Agent unhealthy after adding Network Packet Capture BETA integration

I added the "Network Packet Capture BETA" integration to a self managed 8.1.2 instance running on Ubuntu 20.04LTS. Shortly after adding that integration to one of the existing policies, fleet showed the agent status as unhealthy. Looking at the logs on the host, I found the following two entries repeated several times:

{"log.level":"error","@timestamp":"2022-04-19T17:51:18.987-0400","log.origin":{"file.name":"operation/operation_retryable.go","file.line":85},"message":"operation operation-verify failed, err: operation 'operation-verify' failed to verify packetbeat.8.1.2: 2 errors occurred:\n\t* fetching asc file from '/opt/Elastic/Agent/data/elastic-agent-6118f2/downloads/packetbeat-8.1.2-linux-x86_64.tar.gz.asc': open /opt/Elastic/Agent/data/elastic-agent-6118f2/downloads/packetbeat-8.1.2-linux-x86_64.tar.gz.asc: no such file or directory\n\t* open /opt/Elastic/Agent/data/elastic-agent-6118f2/downloads/packetbeat-8.1.2-linux-x86_64.tar.gz.sha512: no such file or directory\n\n","ecs.version":"1.6.0"}
{"log.level":"error","@timestamp":"2022-04-19T17:51:18.987-0400","log.origin":{"file.name":"fleet/fleet_gateway.go","file.line":181},"message":"failed to dispatch actions, error: operator: failed to execute step sc-run, error: operation 'operation-verify' failed to verify packetbeat.8.1.2: 2 errors occurred:\n\t* fetching asc file from '/opt/Elastic/Agent/data/elastic-agent-6118f2/downloads/packetbeat-8.1.2-linux-x86_64.tar.gz.asc': open /opt/Elastic/Agent/data/elastic-agent-6118f2/downloads/packetbeat-8.1.2-linux-x86_64.tar.gz.asc: no such file or directory\n\t* open /opt/Elastic/Agent/data/elastic-agent-6118f2/downloads/packetbeat-8.1.2-linux-x86_64.tar.gz.sha512: no such file or directory\n\n: operation 'operation-verify' failed to verify packetbeat.8.1.2: 2 errors occurred:\n\t* fetching asc file from '/opt/Elastic/Agent/data/elastic-agent-6118f2/downloads/packetbeat-8.1.2-linux-x86_64.tar.gz.asc': open /opt/Elastic/Agent/data/elastic-agent-6118f2/downloads/packetbeat-8.1.2-linux-x86_64.tar.gz.asc: no such file or directory\n\t* open /opt/Elastic/Agent/data/elastic-agent-6118f2/downloads/packetbeat-8.1.2-linux-x86_64.tar.gz.sha512: no such file or directory\n\n","ecs.version":"1.6.0"}

Workaround:
Download the three packetbeat files manually to /opt/Elastic/Agent/data/elastic-agent-6118f2/downloads/ on the host and restart the machine. The agent status returned back to healthy. I ran into the same issue on a windows host with a similar workaround.

Similar issue with Debian 11 (Bullseye) distro. Never seem to get Network Capture to work, it seems it isn't fully tested for a wide variety of distros

Hi,
I found a way for me to get arround.
I tested it on Windows but maybe it will also works for you.

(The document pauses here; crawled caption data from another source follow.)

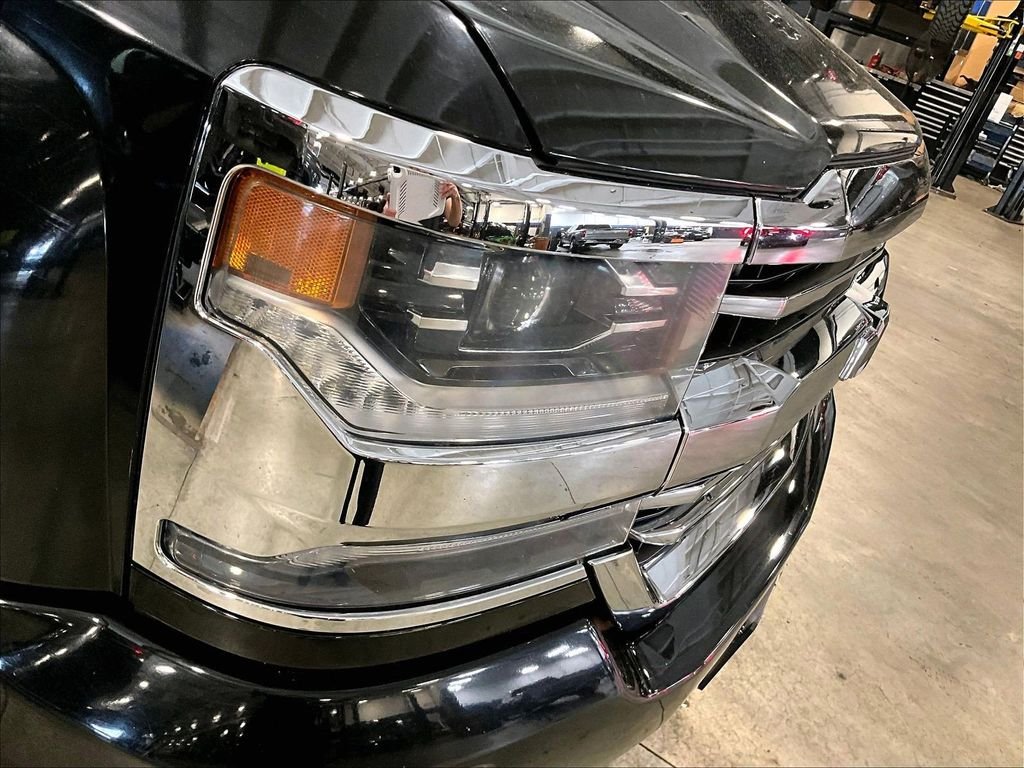 Used 2016 Black Chevrolet High Country image 34
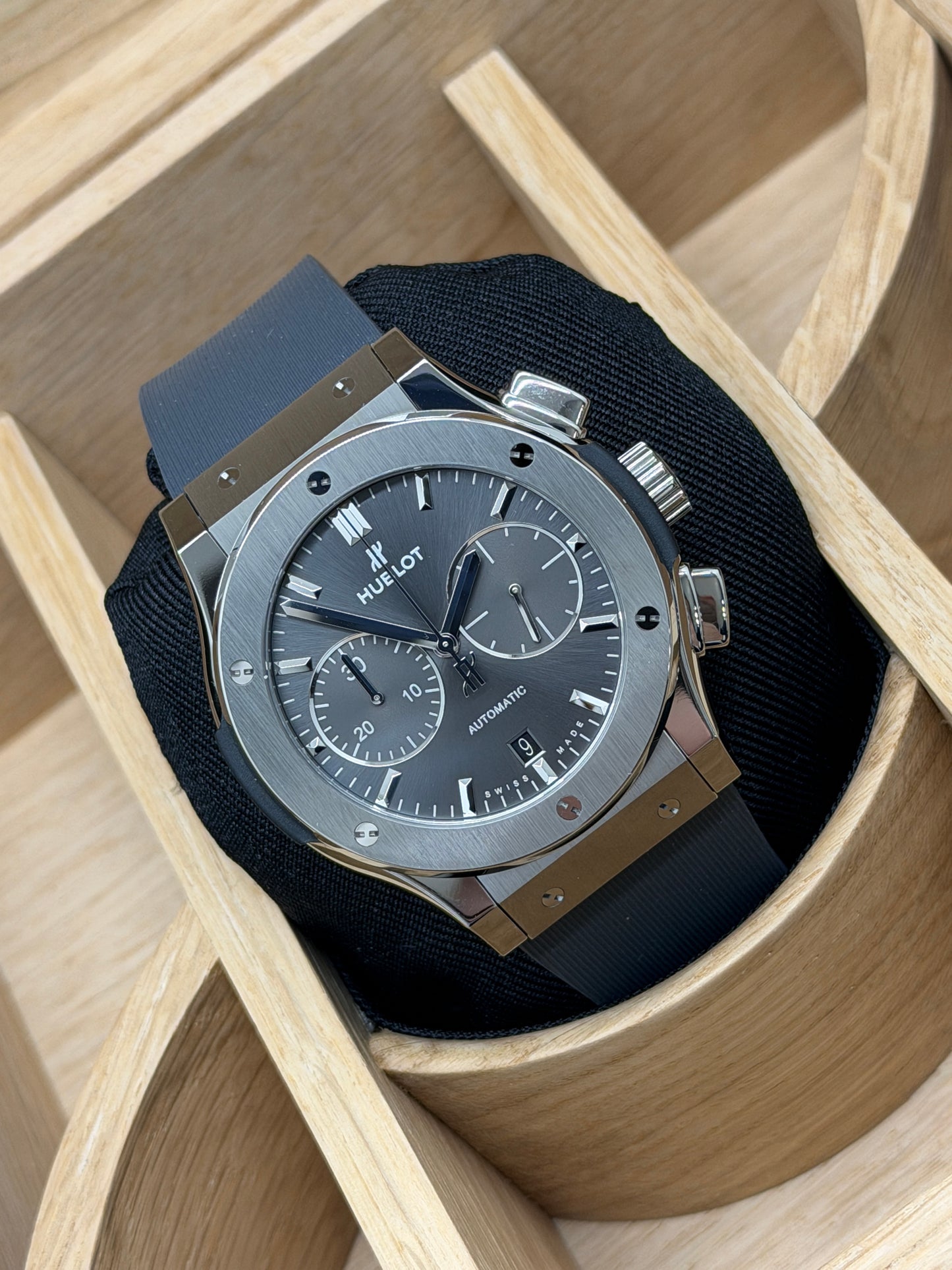 Hublot Classic Fusion Racing Grey Black - Black Dial - 45mm - Titanium - Ref 521.NX.7071.RX - New 2026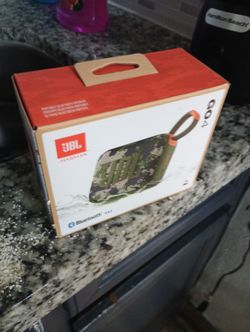 Portable JBL Speaker Go 4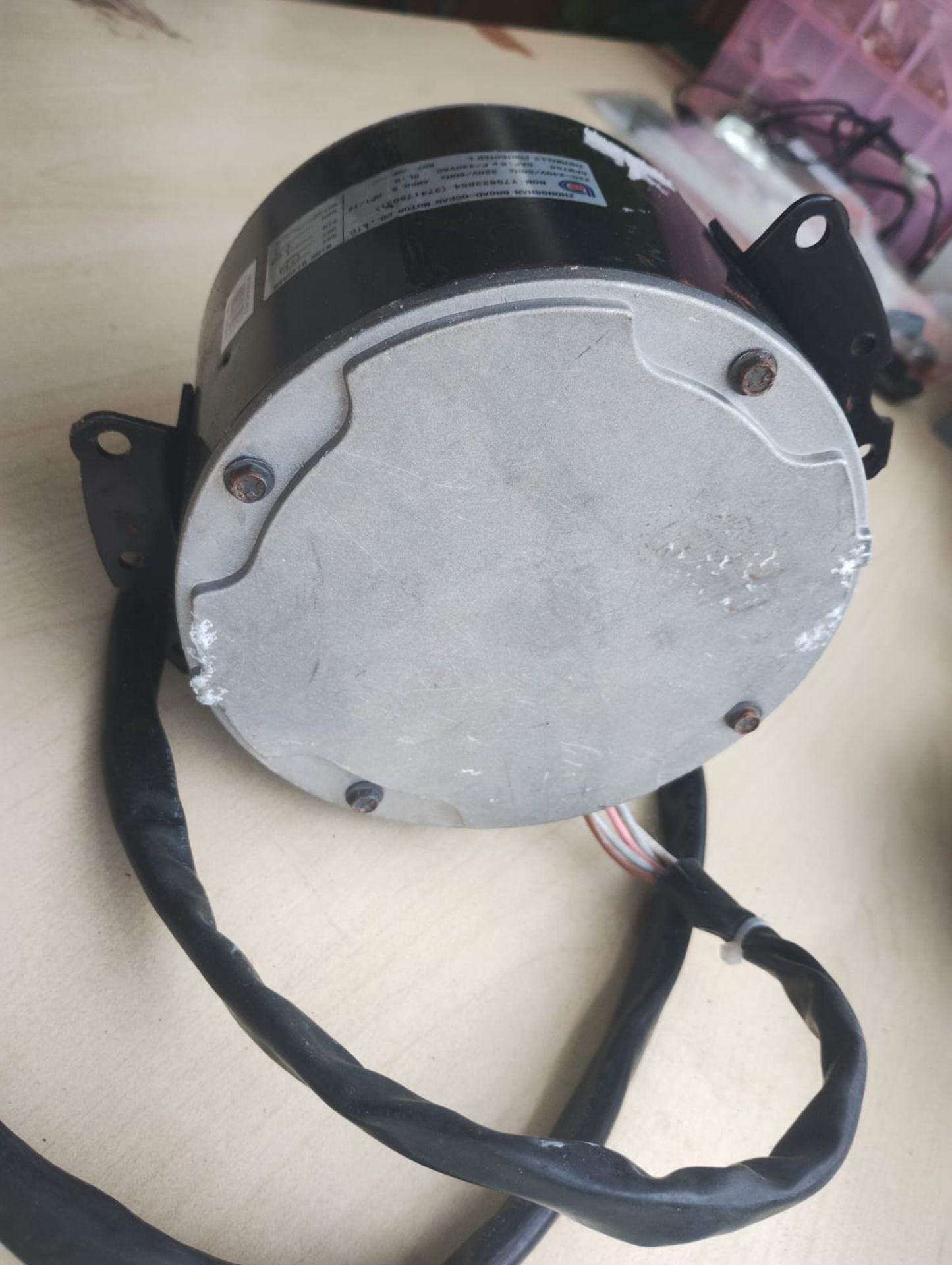 AIR CONDITIONING FAN MOTOR - Y7S623B54 - NEVER USED - Image 2 of 5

I downloaded all the files directly from Elastic an copied it to the Download directory.
So in your case that would be:
/opt/Elastic/Agent/data/elastic-agent-6118f2/downloads/packetbeat-8.1.2-linux-x86_64.tar.gz
/opt/Elastic/Agent/data/elastic-agent-6118f2/downloads/packetbeat-8.1.2-linux-x86_64.tar.gz.asc
/opt/Elastic/Agent/data/elastic-agent-6118f2/downloads/packetbeat-8.1.2-linux-x86_64.tar.gz.sha512

Elastic offers the asc and sha512 on the Downlaod Page along the sources.

For me it seems like the problem described inthis github-issue

Not sure what is causing the verification to fail, maybe in our case a company-firewall.
If you dig a bit deeper, it would be great to open up a Issue with more Informations.

Best,
Simon

This topic was automatically closed 28 days after the last reply. New replies are no longer allowed.